Macomb County Public Works Commissioner Tony Marrocco, desperately trying to fend off an aggressive election challenge from Congresswoman Candice Miller, is limping toward the finish of this brutal campaign.
Today, the Miller campaign demanded that Marrocco pay back the $66,000 in attorney fees that the county reportedly spent on defending the public works commissioner in a sexual harassment lawsuit filed by a girlfriend/stripper that Marrocco hired to work in his office.
In an extraordinarily awkward on-camera interview with WXYZ-TV, aired Wednesday night, the Democratic incumbent insisted that he paid for all legal fees related to the embarrassing lawsuit out of his own pocket. The allegations were that he hired Marti Parker after meeting her in a strip club, fired her and then was sued by her for sexual harassment – specifically for demanding sexual favors from Parker in order to keep her job.
The cash amount for the 2006 settlement reached in the case was never disclosed but numbers provided by the Macomb County legal counsel now indicates that county taxpayers financed $66,000 in attorney fees to defend Marrocco’s behavior. Parker was the victim of a late-night homicide in Detroit in 2008.

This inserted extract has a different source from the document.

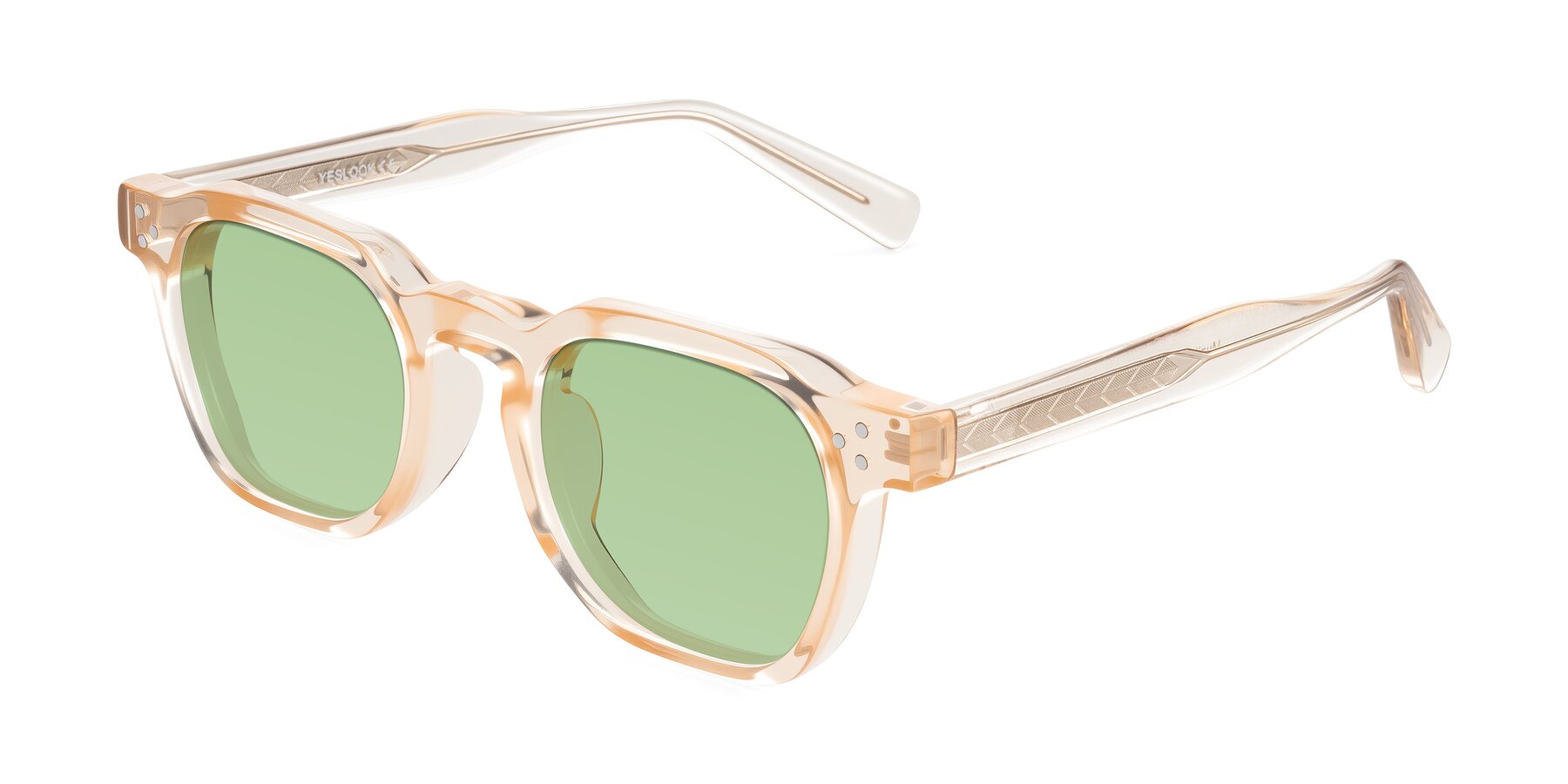 Angle of Muzik in Coral to Vermilion Shift with Medium Green Tinted Lenses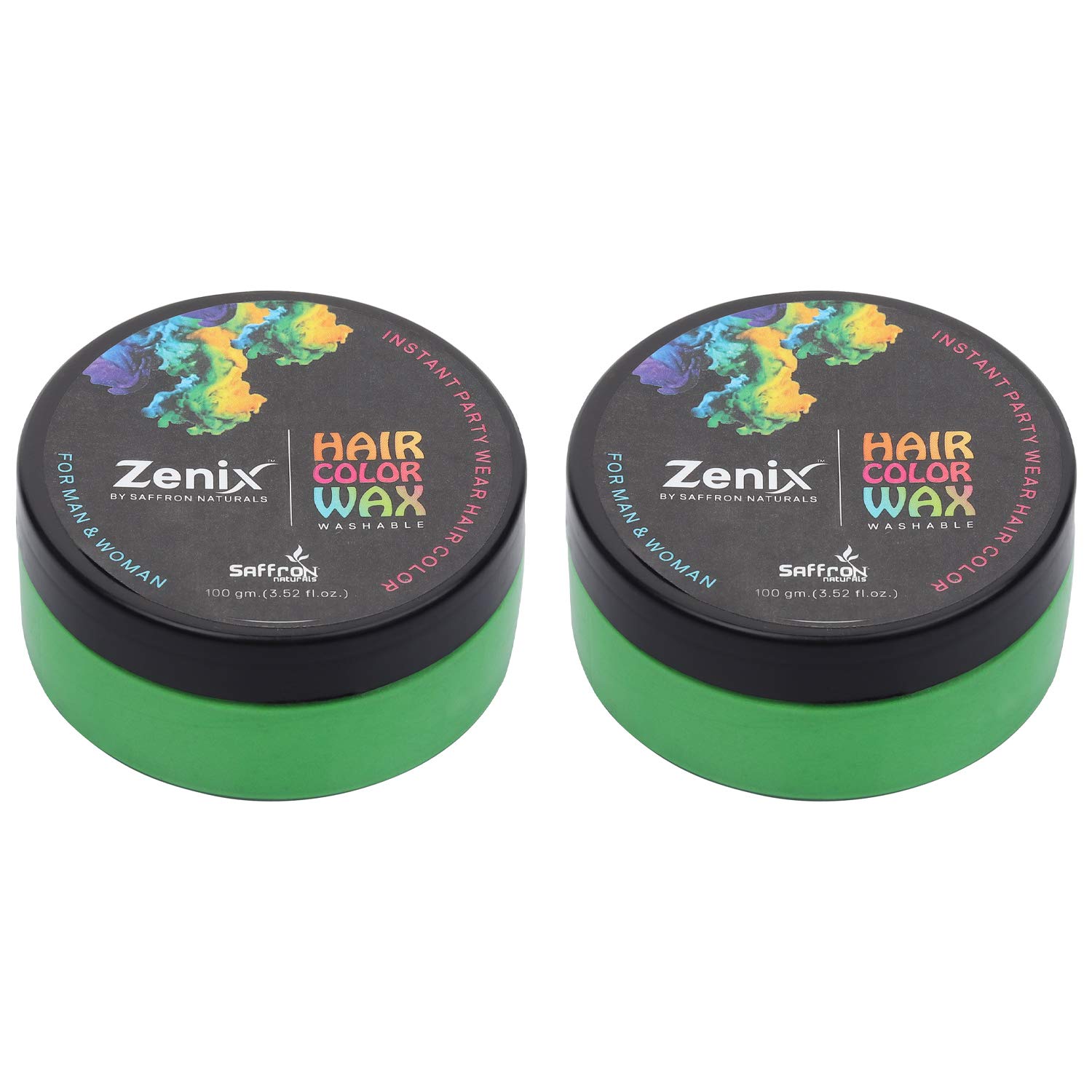 Zenix Temporary Hair Color Wax - Washable Instant Hair Dye for Men & Women (Green, Pack of 2, 200g) | Quick Styling for Parties, Halloween & Cosplay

Kudos to Channel 7, WXYZ-TV, for putting Marrocco on the spot, though they fell into the trap of suggesting, without any evidence, that the public works boss may have had a role in the homicide. Marrocco was never a suspect in the case, and he was never questioned.
In an odd interview with WXYZ’s Jim Kiertzner, the Detroit police chief said cold cases can be reopened when new evidence comes forth. But the Parker lawsuit was filed years before her death and nothing new has surfaced since.
The jarring revelations about the Parker lawsuit mark the second “October surprise” the Marrocco re-election campaign has suffered in a week. On Sunday, The Macomb Daily reported that Marrocco spent more than $5 million on legal fees in two lawsuits, neither of which has proven fruitful. Those expenses were tacked onto sewer bills for homeowners and businesses without gaining the permission of the 11 Macomb communities that had a stake in those two court fights.